How to complete this task
Take the data below and extract the lines from the one with "Top 10 BigDividend" to the one with "How Beer Drinking", inclusive, exactly as written.

Data provided
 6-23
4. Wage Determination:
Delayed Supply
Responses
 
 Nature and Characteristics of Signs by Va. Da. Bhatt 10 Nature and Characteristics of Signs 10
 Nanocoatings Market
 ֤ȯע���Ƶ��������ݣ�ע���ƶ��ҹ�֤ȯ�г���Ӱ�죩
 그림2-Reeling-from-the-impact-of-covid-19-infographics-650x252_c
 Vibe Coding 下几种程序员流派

* * *

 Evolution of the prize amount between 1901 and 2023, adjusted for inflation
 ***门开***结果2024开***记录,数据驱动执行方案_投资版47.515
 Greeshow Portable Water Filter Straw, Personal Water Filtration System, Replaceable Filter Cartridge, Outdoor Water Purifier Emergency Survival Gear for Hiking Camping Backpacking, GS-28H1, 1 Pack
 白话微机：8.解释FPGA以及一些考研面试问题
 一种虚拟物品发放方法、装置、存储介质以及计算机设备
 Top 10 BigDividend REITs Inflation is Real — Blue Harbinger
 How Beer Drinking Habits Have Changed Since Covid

...

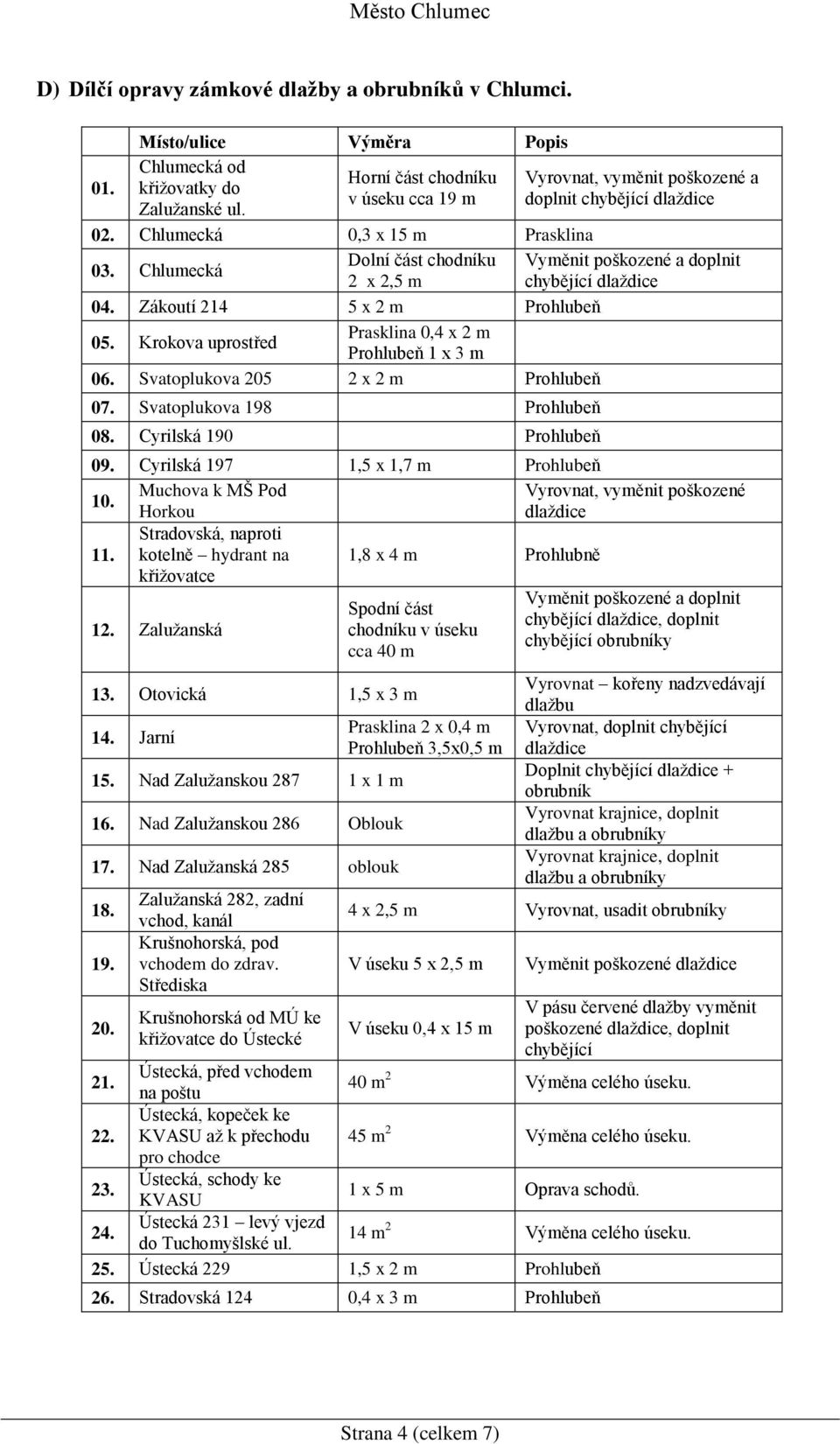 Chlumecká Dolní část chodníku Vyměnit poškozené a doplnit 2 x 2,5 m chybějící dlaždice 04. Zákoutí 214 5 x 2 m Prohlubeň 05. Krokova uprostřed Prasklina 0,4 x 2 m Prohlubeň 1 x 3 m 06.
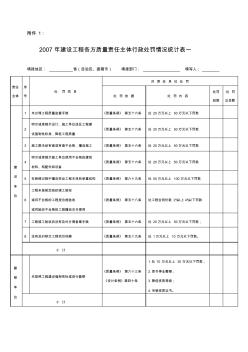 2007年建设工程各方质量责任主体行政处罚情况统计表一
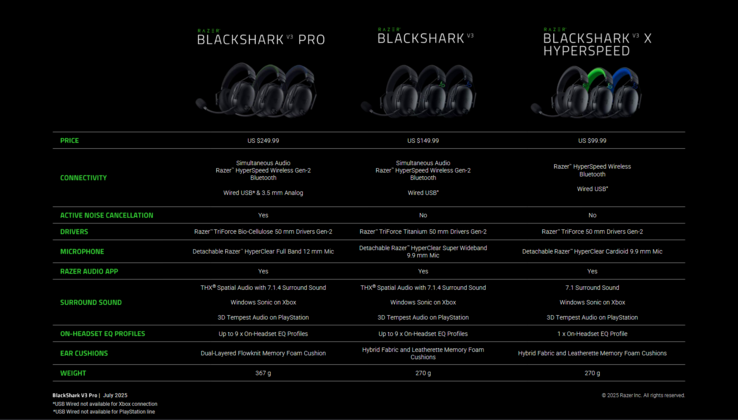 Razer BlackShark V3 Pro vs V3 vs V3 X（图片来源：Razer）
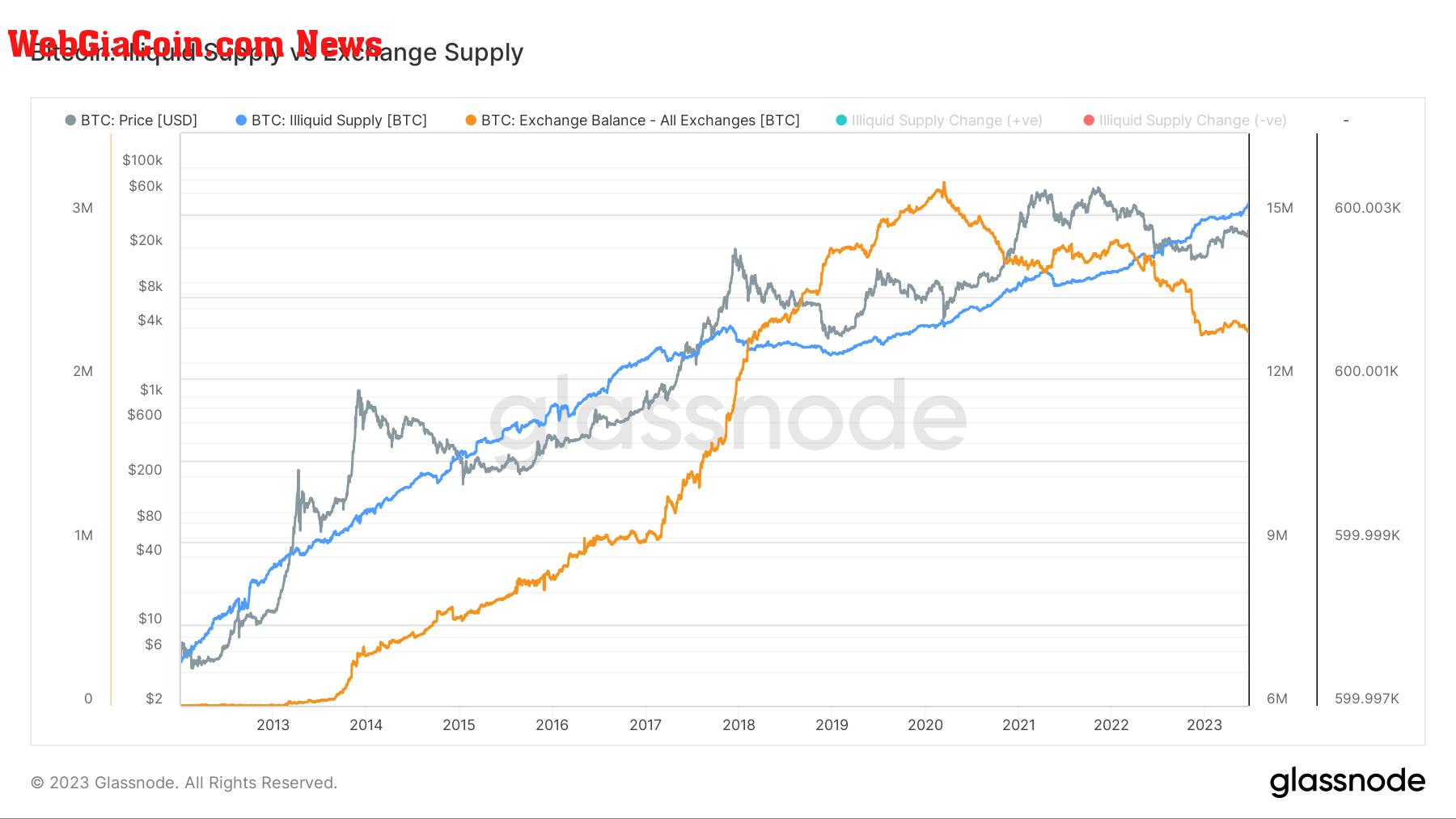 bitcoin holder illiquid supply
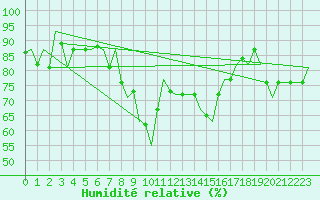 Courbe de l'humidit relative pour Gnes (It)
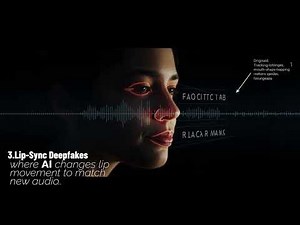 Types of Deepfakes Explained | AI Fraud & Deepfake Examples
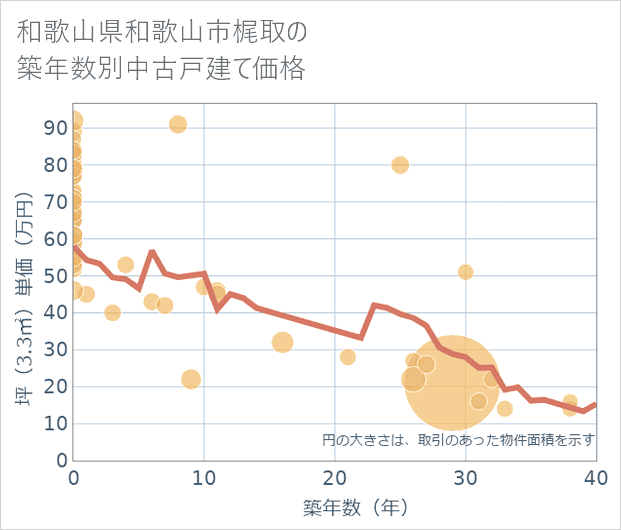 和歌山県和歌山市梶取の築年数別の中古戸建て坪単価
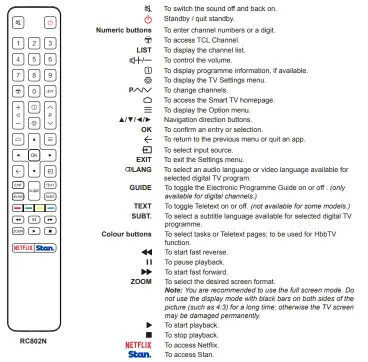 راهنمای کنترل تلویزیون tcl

Solution for this problem
 Top 10 BigDividend REITs Inflation is Real — Blue Harbinger
 How Beer Drinking Habits Have Changed Since Covid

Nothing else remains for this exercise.